> **Task prompt**:
Output a character-exact copy of the data, images removed.

★ ★ ★

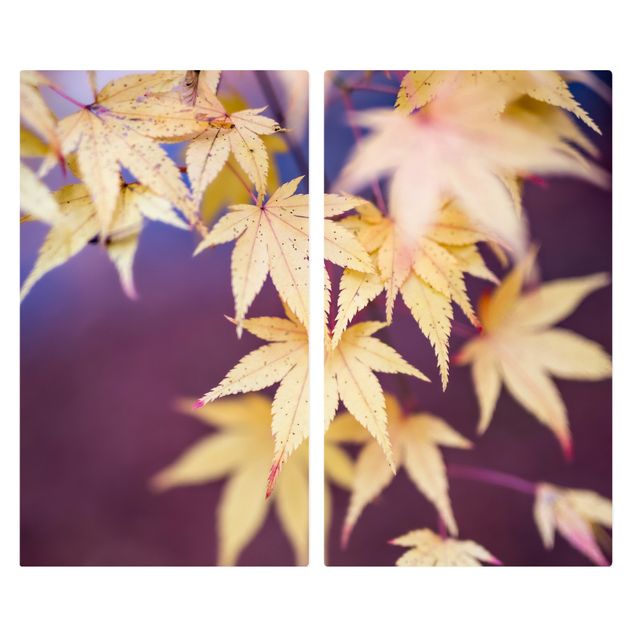 Cache plaques de cuisson - Autumn Maple Tree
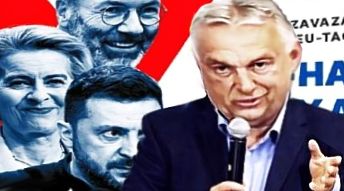 buvolovgy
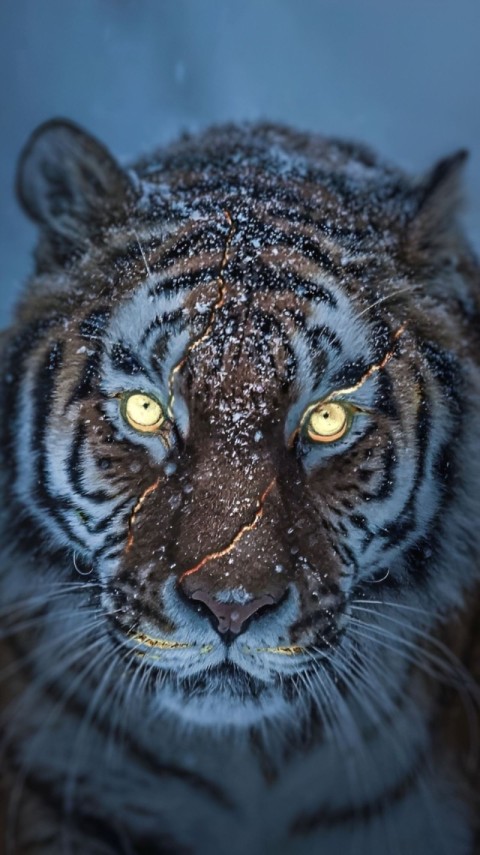 Wallpaper Tiger HD for Mobile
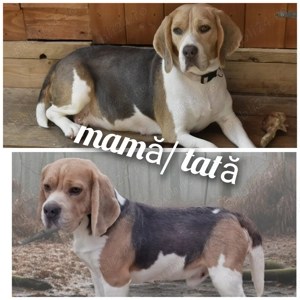 Pui Beagle mascul, culoare blue and tan - imagine 2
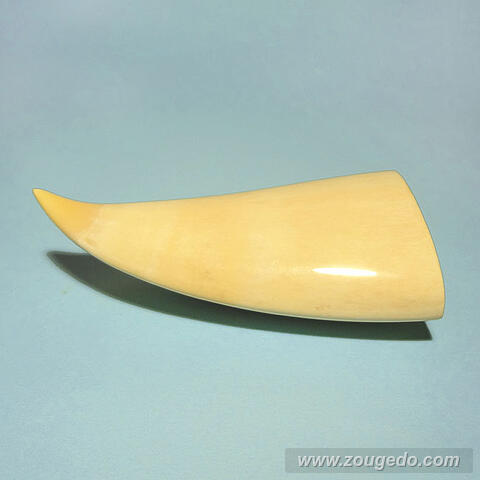 マッコウ鯨歯21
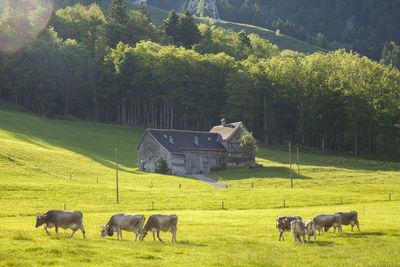Cows graze by traditional farmhouse, alpstein, appenzell, switzerland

★ ★ ★

> **Answer below**:
 Cache plaques de cuisson - Autumn Maple Tree
 buvolovgy
 Wallpaper Tiger HD for Mobile
 Pui Beagle mascul, culoare blue and tan - imagine 2
 マッコウ鯨歯21
Cows graze by traditional farmhouse, alpstein, appenzell, switzerland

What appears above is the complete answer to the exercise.